A national study of Internet users found an increase in spoofing and phishing incidents, costing consumers $500 million, and an increase in skepticism about the Web and e-mail as a result.

The study found that 76 percent of consumers are experiencing an increase in spoofing and phishing incidents and that 35 percent receive fake e-mails at least once a week. The report estimates the total monetary loss to U.S. victims of these incidents at approximately $500 million.

The study was conducted by Ponemon Institute, a think tank dedicated to advancing responsible information management practices in business and government; and sponsored by NACHA, the electronic payments association, and TRUSTe, an online privacy nonprofit organization. It was Based on a national sample of 1,335 Internet users across the United States.

Seven out of 10 respondents revealed that they have unintentionally visited a spoofed Web site and more than 15 percent of spoofed respondents admit to being phished, providing sensitive private information including credit card number, checking account information, and Social Security numbers.

In total, a little more than 2 percent of all respondents believe that they experienced a direct monetary loss resulting from the phishing attack.

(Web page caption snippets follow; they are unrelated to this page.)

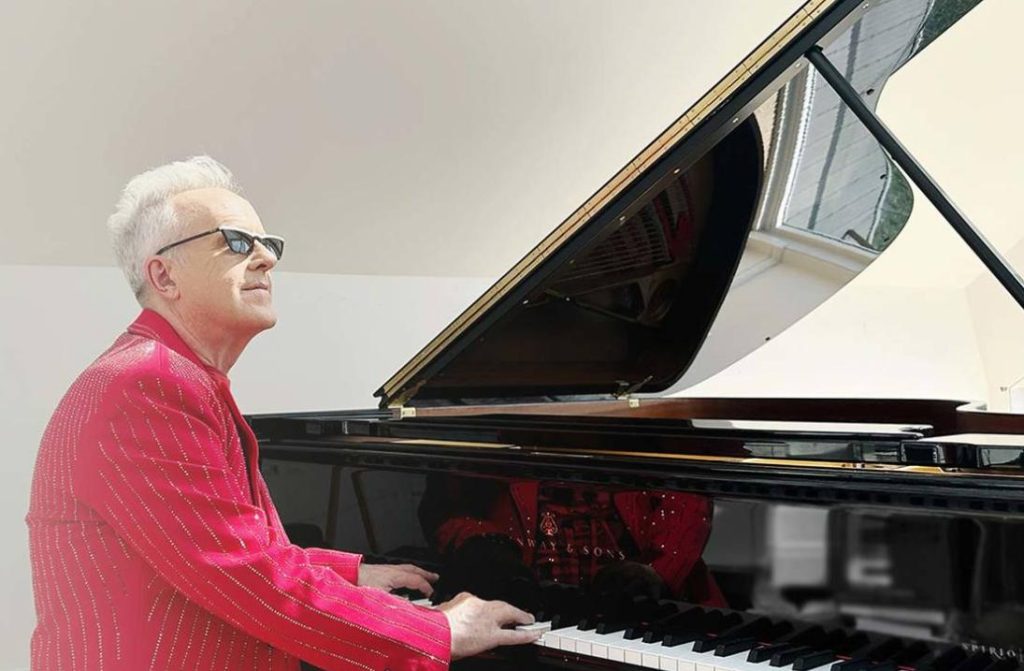 Anteprima Piano City Napoli 2025: Howard Jones in diretta dalla Steinway di Amburgo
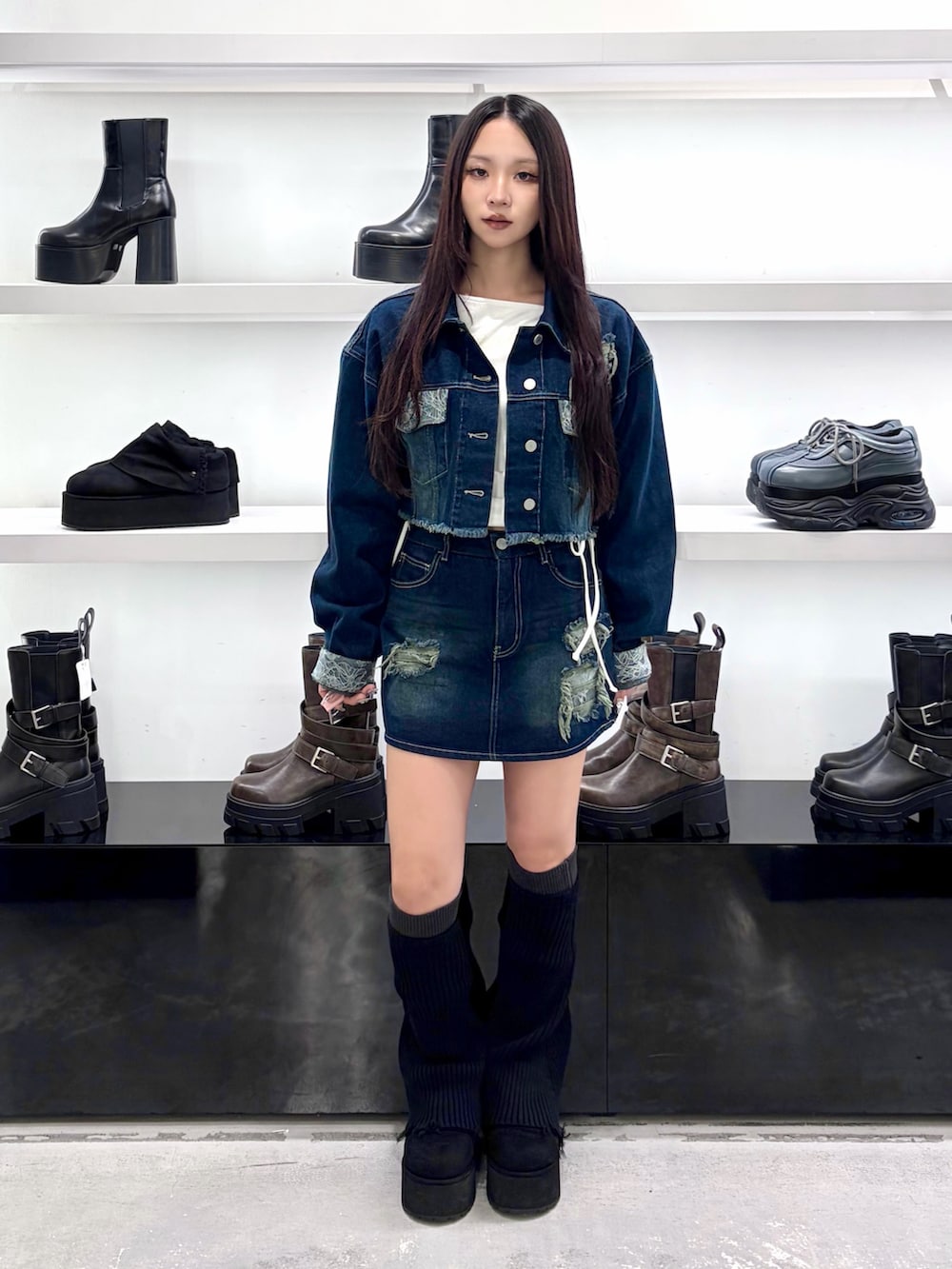 ブルー系のブルゾン、ホワイト系のTシャツ/カットソー、ブラウン系のショルダーバッグを着用したレディースの秋コーディネートの2枚目の写真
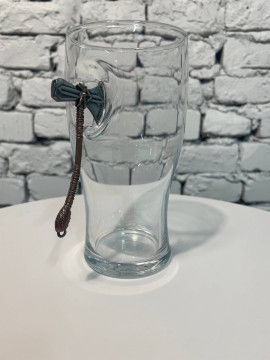 Пивний бокал з інкрутованою сокирою із латуні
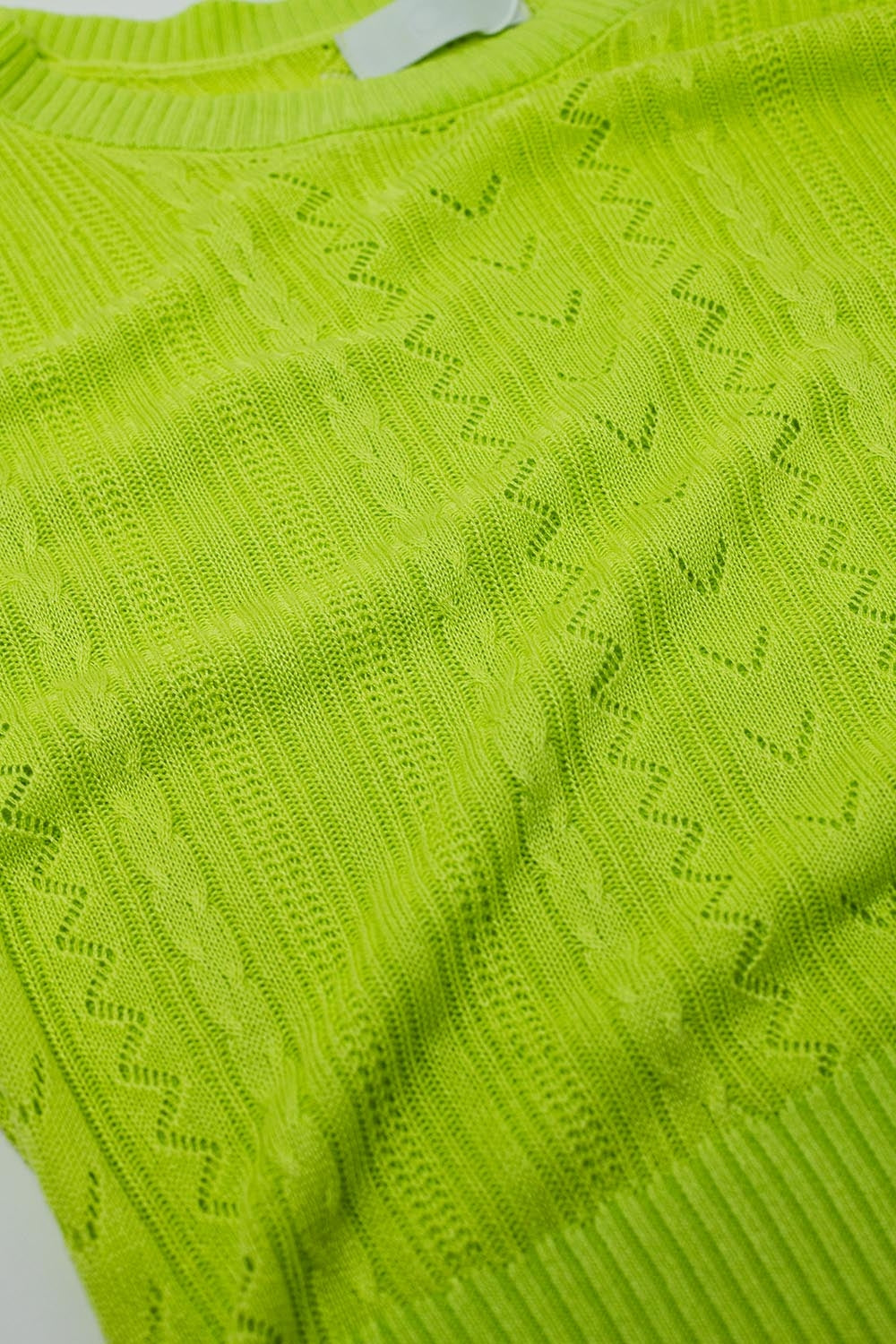 Camisola de malha verde com mangas 3/4 e detalhes em riscas em ziguezague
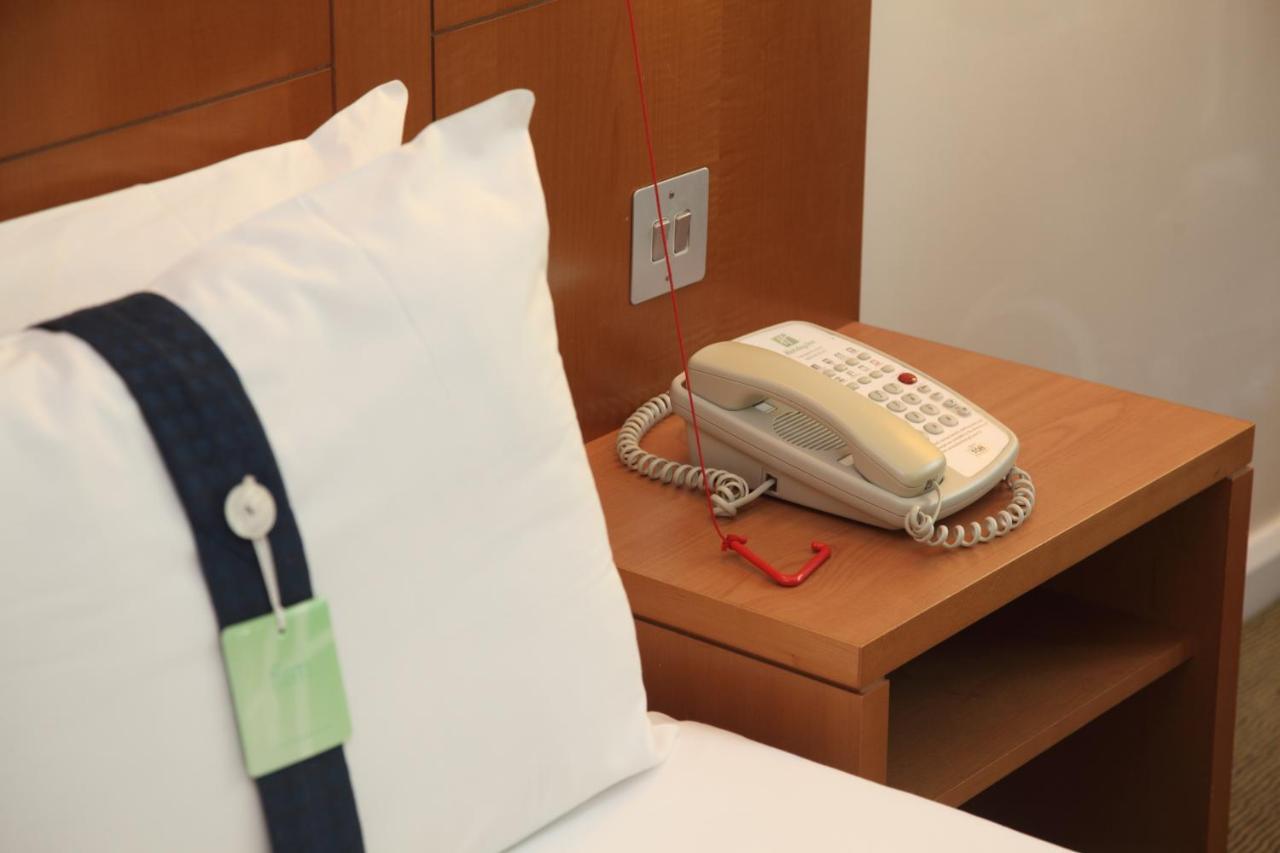 Holiday Inn London Brent Cross, An Ihg Hotel Eksteriør bilde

Most people recognized this loss within the first two weeks after being phished.

As a result, the study found online consumers have become more skeptical about e-mail and Web sites as a result of their unpleasant experiences with phishing and want to see action taken to address the problem.

Sixty-four percent of respondents surveyed believe that it is unacceptable for organizations to do nothing about spoofing and phishing, and 96 percent want companies to consider new technologies to help authenticate e-mail and online sites. Internet users are also interested in having organizations work with law enforcement to shut down the spoofers before they strike.